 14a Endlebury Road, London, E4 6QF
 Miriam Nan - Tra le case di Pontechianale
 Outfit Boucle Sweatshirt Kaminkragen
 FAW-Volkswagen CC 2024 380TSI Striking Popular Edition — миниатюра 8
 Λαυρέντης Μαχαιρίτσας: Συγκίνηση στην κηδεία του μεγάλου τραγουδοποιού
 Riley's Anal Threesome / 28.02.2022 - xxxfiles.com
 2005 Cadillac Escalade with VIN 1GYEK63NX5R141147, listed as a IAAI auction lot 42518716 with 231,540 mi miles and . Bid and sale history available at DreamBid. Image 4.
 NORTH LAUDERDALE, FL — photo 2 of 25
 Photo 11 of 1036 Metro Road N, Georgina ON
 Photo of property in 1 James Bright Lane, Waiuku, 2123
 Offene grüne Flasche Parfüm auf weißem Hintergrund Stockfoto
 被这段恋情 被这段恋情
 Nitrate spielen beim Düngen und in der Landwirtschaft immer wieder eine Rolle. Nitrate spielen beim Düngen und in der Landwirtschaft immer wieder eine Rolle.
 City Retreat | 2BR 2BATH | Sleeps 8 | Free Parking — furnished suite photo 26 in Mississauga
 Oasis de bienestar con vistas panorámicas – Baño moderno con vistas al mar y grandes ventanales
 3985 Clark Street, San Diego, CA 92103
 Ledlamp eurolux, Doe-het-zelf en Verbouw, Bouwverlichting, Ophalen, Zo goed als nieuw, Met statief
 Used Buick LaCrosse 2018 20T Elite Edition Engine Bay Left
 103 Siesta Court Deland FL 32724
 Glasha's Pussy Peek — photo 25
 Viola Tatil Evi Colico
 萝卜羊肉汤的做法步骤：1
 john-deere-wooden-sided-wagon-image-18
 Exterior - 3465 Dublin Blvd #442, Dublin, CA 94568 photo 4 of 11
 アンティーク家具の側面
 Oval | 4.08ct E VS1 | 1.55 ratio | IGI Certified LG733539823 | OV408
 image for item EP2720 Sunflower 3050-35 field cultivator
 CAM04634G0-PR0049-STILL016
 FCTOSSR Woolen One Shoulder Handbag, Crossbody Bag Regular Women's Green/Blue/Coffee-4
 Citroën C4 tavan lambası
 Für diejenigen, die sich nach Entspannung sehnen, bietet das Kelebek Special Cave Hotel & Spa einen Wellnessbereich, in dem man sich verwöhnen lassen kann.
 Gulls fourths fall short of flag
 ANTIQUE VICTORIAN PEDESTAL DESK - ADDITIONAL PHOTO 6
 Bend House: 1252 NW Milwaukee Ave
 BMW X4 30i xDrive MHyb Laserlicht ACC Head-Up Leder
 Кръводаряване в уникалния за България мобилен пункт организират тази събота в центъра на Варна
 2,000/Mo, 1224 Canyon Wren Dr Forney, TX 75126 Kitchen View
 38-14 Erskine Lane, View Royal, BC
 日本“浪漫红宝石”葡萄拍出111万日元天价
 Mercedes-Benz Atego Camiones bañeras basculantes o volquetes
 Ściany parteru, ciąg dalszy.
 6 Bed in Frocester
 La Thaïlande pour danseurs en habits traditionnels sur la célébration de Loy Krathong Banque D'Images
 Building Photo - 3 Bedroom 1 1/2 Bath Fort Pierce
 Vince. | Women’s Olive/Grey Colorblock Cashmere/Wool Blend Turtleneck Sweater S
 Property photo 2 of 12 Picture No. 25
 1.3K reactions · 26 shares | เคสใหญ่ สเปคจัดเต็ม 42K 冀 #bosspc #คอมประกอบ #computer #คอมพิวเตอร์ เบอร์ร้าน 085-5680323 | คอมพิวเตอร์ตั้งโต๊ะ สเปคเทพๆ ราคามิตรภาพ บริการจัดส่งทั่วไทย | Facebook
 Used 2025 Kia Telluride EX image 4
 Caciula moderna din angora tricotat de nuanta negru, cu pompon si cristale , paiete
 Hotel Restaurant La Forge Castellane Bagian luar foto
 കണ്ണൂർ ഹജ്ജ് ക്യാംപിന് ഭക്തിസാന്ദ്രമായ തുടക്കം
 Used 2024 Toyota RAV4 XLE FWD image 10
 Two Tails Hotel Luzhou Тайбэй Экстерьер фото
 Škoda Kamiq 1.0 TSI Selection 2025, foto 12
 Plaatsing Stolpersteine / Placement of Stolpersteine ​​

******

■ **WORK REQUEST**
Each record above has to be set down again, exactly and completely.

■ **RESPONSE TO THE TASK**
 14a Endlebury Road, London, E4 6QF
 Miriam Nan - Tra le case di Pontechianale
 Outfit Boucle Sweatshirt Kaminkragen
 FAW-Volkswagen CC 2024 380TSI Striking Popular Edition — миниатюра 8
 Λαυρέντης Μαχαιρίτσας: Συγκίνηση στην κηδεία του μεγάλου τραγουδοποιού
 Riley's Anal Threesome / 28.02.2022 - xxxfiles.com
 2005 Cadillac Escalade with VIN 1GYEK63NX5R141147, listed as a IAAI auction lot 42518716 with 231,540 mi miles and . Bid and sale history available at DreamBid. Image 4.
 NORTH LAUDERDALE, FL — photo 2 of 25
 Photo 11 of 1036 Metro Road N, Georgina ON
 Photo of property in 1 James Bright Lane, Waiuku, 2123
 Offene grüne Flasche Parfüm auf weißem Hintergrund Stockfoto
 被这段恋情 被这段恋情
 Nitrate spielen beim Düngen und in der Landwirtschaft immer wieder eine Rolle. Nitrate spielen beim Düngen und in der Landwirtschaft immer wieder eine Rolle.
 City Retreat | 2BR 2BATH | Sleeps 8 | Free Parking — furnished suite photo 26 in Mississauga
 Oasis de bienestar con vistas panorámicas – Baño moderno con vistas al mar y grandes ventanales
 3985 Clark Street, San Diego, CA 92103
 Ledlamp eurolux, Doe-het-zelf en Verbouw, Bouwverlichting, Ophalen, Zo goed als nieuw, Met statief
 Used Buick LaCrosse 2018 20T Elite Edition Engine Bay Left
 103 Siesta Court Deland FL 32724
 Glasha's Pussy Peek — photo 25
 Viola Tatil Evi Colico
 萝卜羊肉汤的做法步骤：1
 john-deere-wooden-sided-wagon-image-18
 Exterior - 3465 Dublin Blvd #442, Dublin, CA 94568 photo 4 of 11
 アンティーク家具の側面
 Oval | 4.08ct E VS1 | 1.55 ratio | IGI Certified LG733539823 | OV408
 image for item EP2720 Sunflower 3050-35 field cultivator
 CAM04634G0-PR0049-STILL016
 FCTOSSR Woolen One Shoulder Handbag, Crossbody Bag Regular Women's Green/Blue/Coffee-4
 Citroën C4 tavan lambası
 Für diejenigen, die sich nach Entspannung sehnen, bietet das Kelebek Special Cave Hotel & Spa einen Wellnessbereich, in dem man sich verwöhnen lassen kann.
 Gulls fourths fall short of flag
 ANTIQUE VICTORIAN PEDESTAL DESK - ADDITIONAL PHOTO 6
 Bend House: 1252 NW Milwaukee Ave
 BMW X4 30i xDrive MHyb Laserlicht ACC Head-Up Leder
 Кръводаряване в уникалния за България мобилен пункт организират тази събота в центъра на Варна
 2,000/Mo, 1224 Canyon Wren Dr Forney, TX 75126 Kitchen View
 38-14 Erskine Lane, View Royal, BC
 日本“浪漫红宝石”葡萄拍出111万日元天价
 Mercedes-Benz Atego Camiones bañeras basculantes o volquetes
 Ściany parteru, ciąg dalszy.
 6 Bed in Frocester
 La Thaïlande pour danseurs en habits traditionnels sur la célébration de Loy Krathong Banque D'Images
 Building Photo - 3 Bedroom 1 1/2 Bath Fort Pierce
 Vince. | Women’s Olive/Grey Colorblock Cashmere/Wool Blend Turtleneck Sweater S
 Property photo 2 of 12 Picture No. 25
 1.3K reactions · 26 shares | เคสใหญ่ สเปคจัดเต็ม 42K 冀 #bosspc #คอมประกอบ #computer #คอมพิวเตอร์ เบอร์ร้าน 085-5680323 | คอมพิวเตอร์ตั้งโต๊ะ สเปคเทพๆ ราคามิตรภาพ บริการจัดส่งทั่วไทย | Facebook
 Used 2025 Kia Telluride EX image 4
 Caciula moderna din angora tricotat de nuanta negru, cu pompon si cristale , paiete
 Hotel Restaurant La Forge Castellane Bagian luar foto
 കണ്ണൂർ ഹജ്ജ് ക്യാംപിന് ഭക്തിസാന്ദ്രമായ തുടക്കം
 Used 2024 Toyota RAV4 XLE FWD image 10
 Two Tails Hotel Luzhou Тайбэй Экстерьер фото
 Škoda Kamiq 1.0 TSI Selection 2025, foto 12
 Plaatsing Stolpersteine / Placement of Stolpersteine ​​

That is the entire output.